Sketching Architecture in Edges, Shapes and Volumes: Preview of my Manchester Workshop

May 31, 2016 | 7 Comments

I just posted about this sketch of St Thomas church (in North Sydney) over on the USK Symposium blog, but I want to share it with you here as well – and post the full step by step images!

This is a sketch I did both as prep for my symposium workshop and also for my upcoming SketchingNow Buildings course. There will be a little overlap in the content, so if you can’t make it to Manchester you will certainly get all the important concepts and much more in the online course.

Basically the core of what I will be teaching in Manchester is the way I use edges, shapes and volumes spontaneously to create lively but (relatively) accurate architecture sketches. The emphasis of my symposium workshop is to be fun and experimental, which is certainly what I was doing while sketching this!

So here are a few progress photos showing how I was switching between edges, shapes and volumes.

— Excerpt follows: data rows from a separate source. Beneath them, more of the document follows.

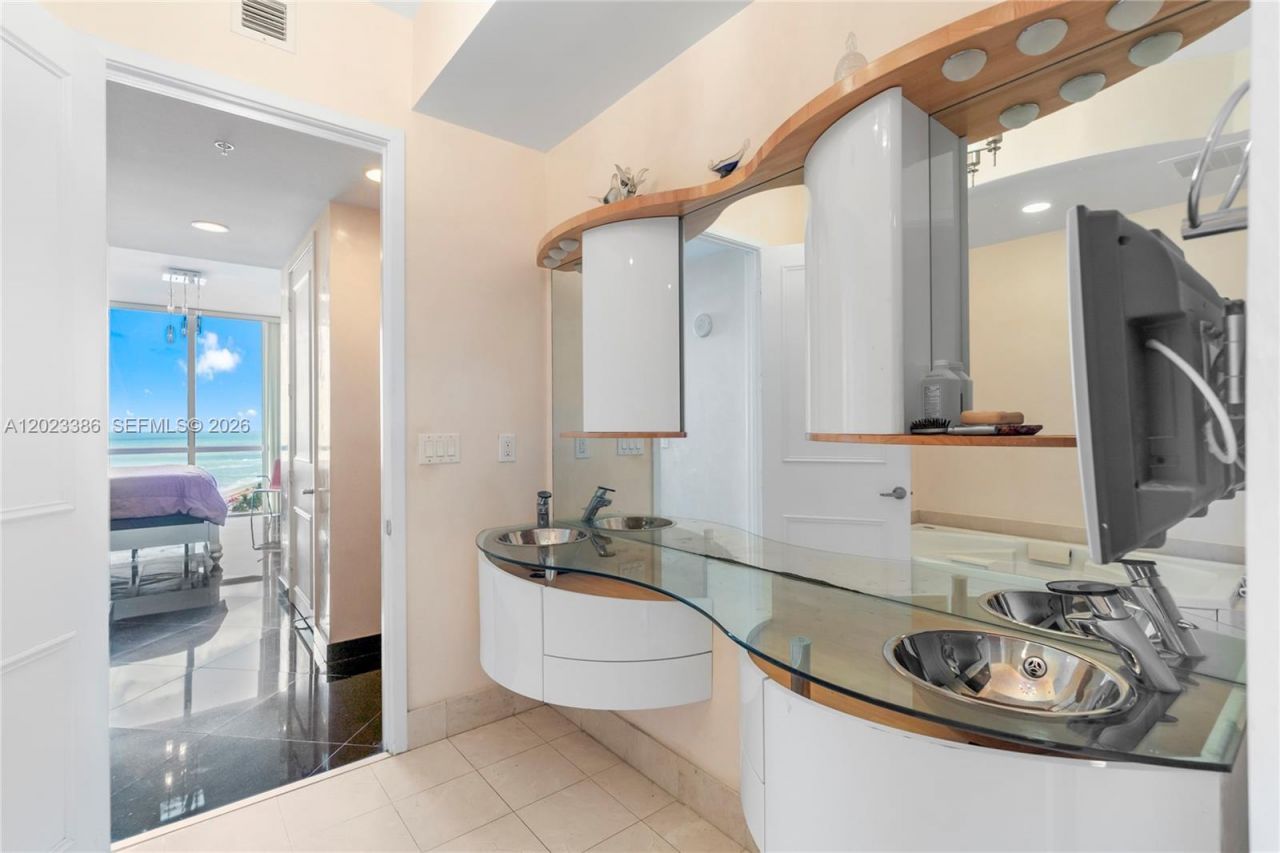 18101 Collins Ave , Unit 1502, Sunny Isles Beach, FL 33160 Photo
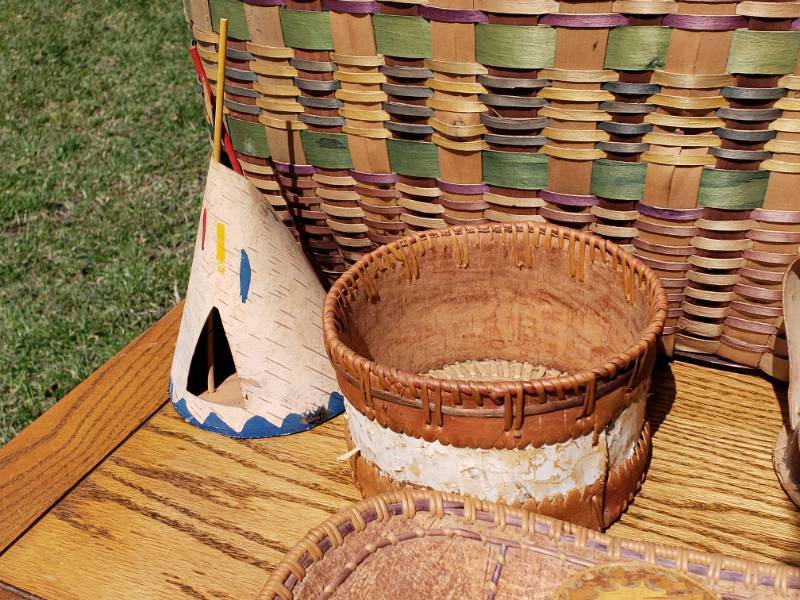 lot 59 image: Native American, etc. Weaved Baskets, Birch Folk Art, Etc.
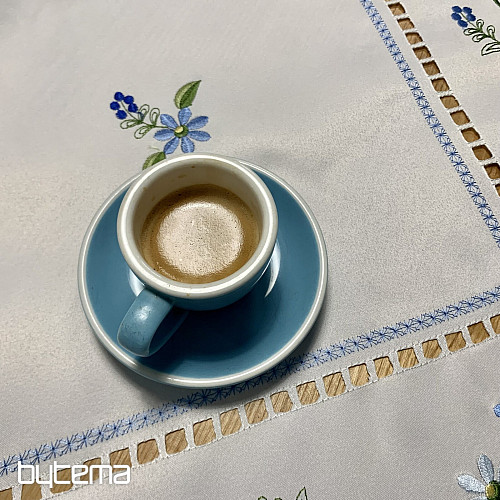 Hímzett terítő és sál ELFELEJTETT VIRÁGOK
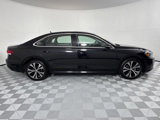 Used 2021 Volkswagen Passat 2.0T SE image 4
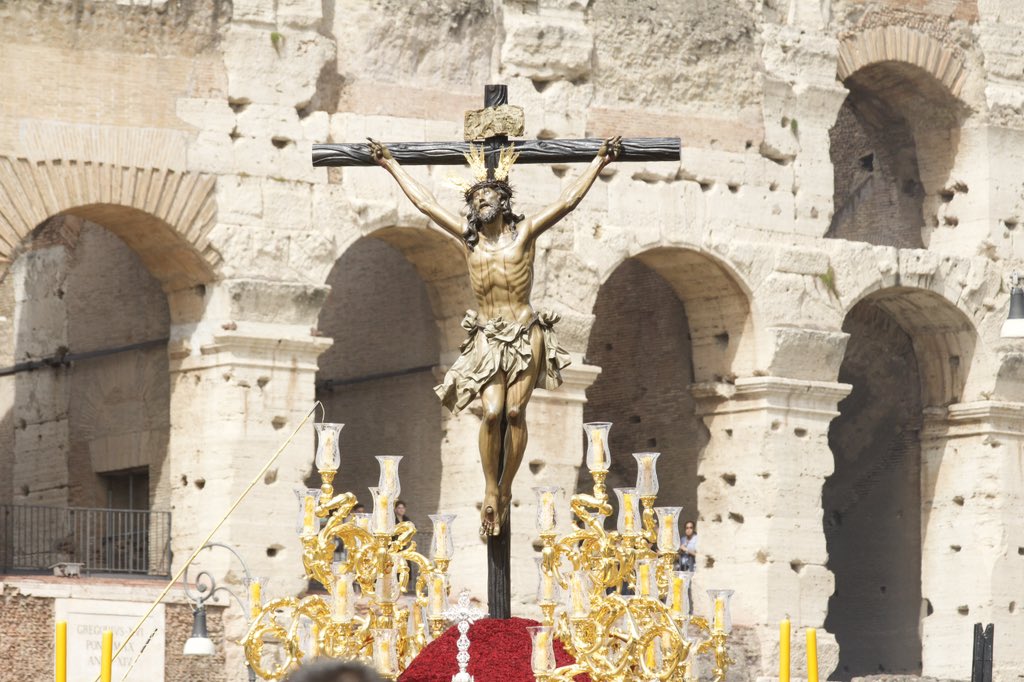 El santísimo Cristo de la Expiración de <a href="/HdadCachorro/">El Cachorro</a> por el Coliseo 📸<a href="/VMEspinosaPons/">Victor M. Espinosa</a>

Relying on the basic observational skills of Feeling Edges, Abstracting Shapes and Constructing Volumes can be used in more accurate work too – stay tuned for more about this tomorrow! In fact, I strongly believe that they are the key to more efficient architecture sketching in any style when out on location.

All the perspective theory in the world will not in itself enable you draw what is in front of you (I know this from experience) – it is far more important to build your foundational drawing skills (what we look at in general in Foundations). This will be the starting point for SketchingNow Buildings, applying these concepts specifically to buildings. I will then share with you lots of techniques and tips combining my sketching skills with the knowledge of building elements that I have from 20 years of working as an architect.

Just to finish off today, here are a few examples of sketching architecture by feeling edges, abstracting shapes and constructing volumes.

Feeling Edges:
Working slowly from one edge to the next. Here I was having fun with a single line, but feeling edges doesn’t have to be continuous like this

Abstracting Shapes:
Painting shapes (maybe even the sky!) not the individual elements.

Constructing Volumes:
Starting with the big boxes and then adding the details but also thinking about adding or subtracting volumes and working in a structured way.

So who is going to Manchester? Anyone signed up for my workshop?


  • Susan says:

    I’ll be in your Manchester class. Looking forward to finally meeting you in person!

  • Debbie Thornhill says:

    I’ll be in your class in Manchester as well! Very excited to be at my first Symposium and to meet you in person!

  • Peter Joscelyne says:

    Hi Liz
    I note your comment about working spontaneously, but I have to ask, when you approach a sketch on site, do you pre-determine to use one of the three approaches (or perhaps pre-dominantly use, accepting you may choose to combine approaches to some degree), and if so, what influences the decision to proceed with a particular approach – be it edges, shapes or volumes?

    • Liz Steel says:

      Hi Peter! Great question! this is the heart of my workshop and a bit part of SketchingNow buildings. But in essence constructing volumes is the most suited to sketching architecture with the support of feeling edges and abstracting shapes.

  • Stephen Reed says:

    I’m heading to Manchester as well. Will be my first time in the UK. Really looking forward to meeting you and taking your class.